**Task:**
Return each record verbatim, images excluded.

**Material to process:**
────────────────────

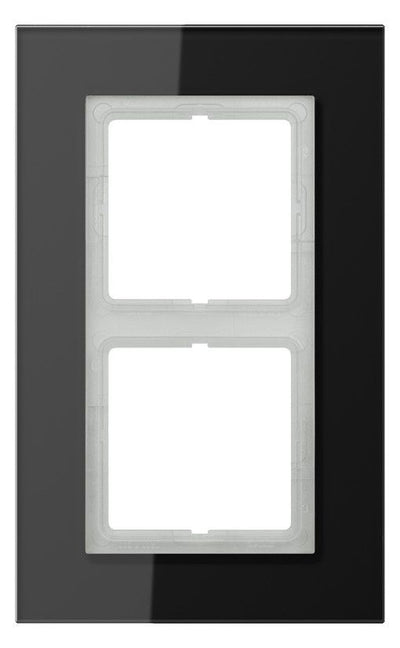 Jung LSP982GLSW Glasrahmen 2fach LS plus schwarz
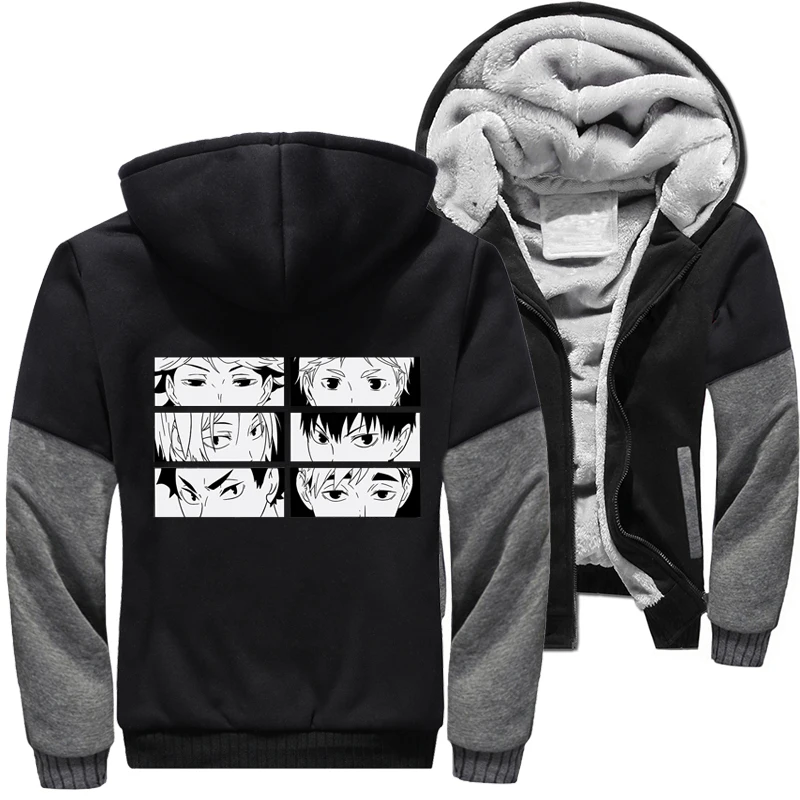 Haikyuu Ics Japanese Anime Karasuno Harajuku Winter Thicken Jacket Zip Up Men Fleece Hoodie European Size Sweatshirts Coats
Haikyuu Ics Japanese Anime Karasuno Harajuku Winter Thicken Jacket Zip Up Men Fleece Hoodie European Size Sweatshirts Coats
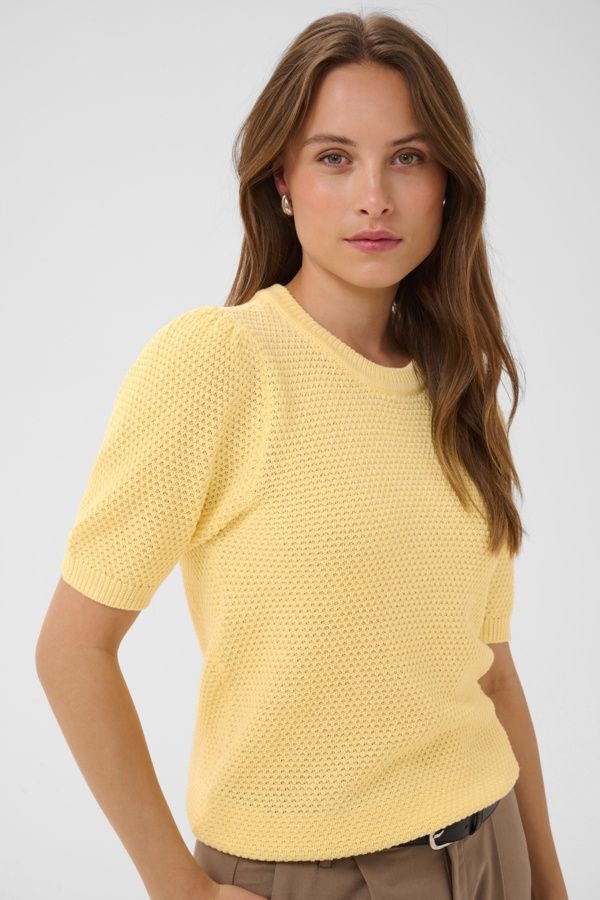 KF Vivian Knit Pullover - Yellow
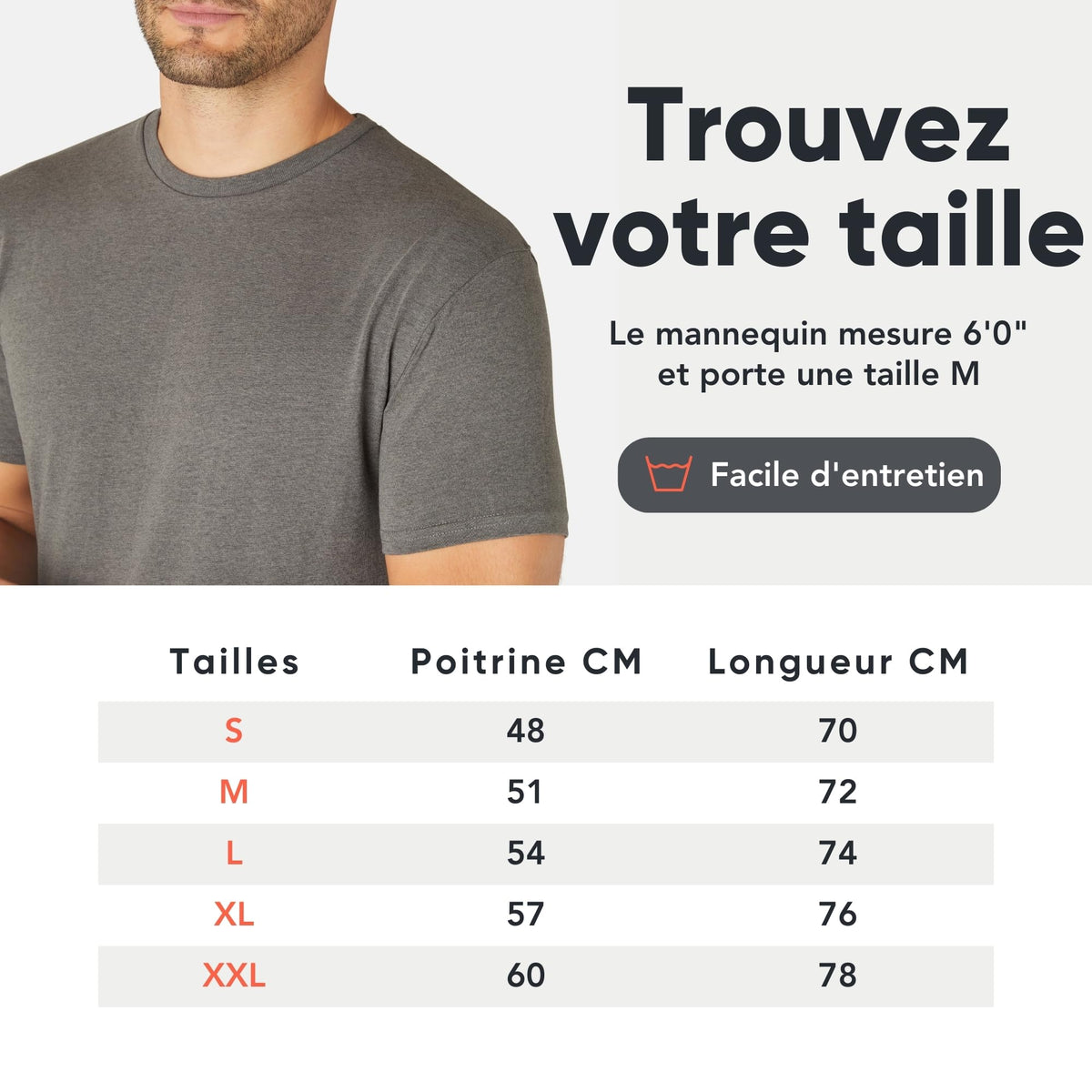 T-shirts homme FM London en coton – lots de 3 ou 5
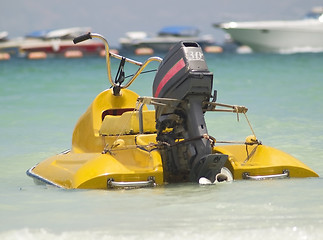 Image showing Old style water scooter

────────────────────

**Worked solution:**
 Jung LSP982GLSW Glasrahmen 2fach LS plus schwarz
 Haikyuu Ics Japanese Anime Karasuno Harajuku Winter Thicken Jacket Zip Up Men Fleece Hoodie European Size Sweatshirts Coats
Haikyuu Ics Japanese Anime Karasuno Harajuku Winter Thicken Jacket Zip Up Men Fleece Hoodie European Size Sweatshirts Coats
 KF Vivian Knit Pullover - Yellow
 T-shirts homme FM London en coton – lots de 3 ou 5
 Image showing Old style water scooter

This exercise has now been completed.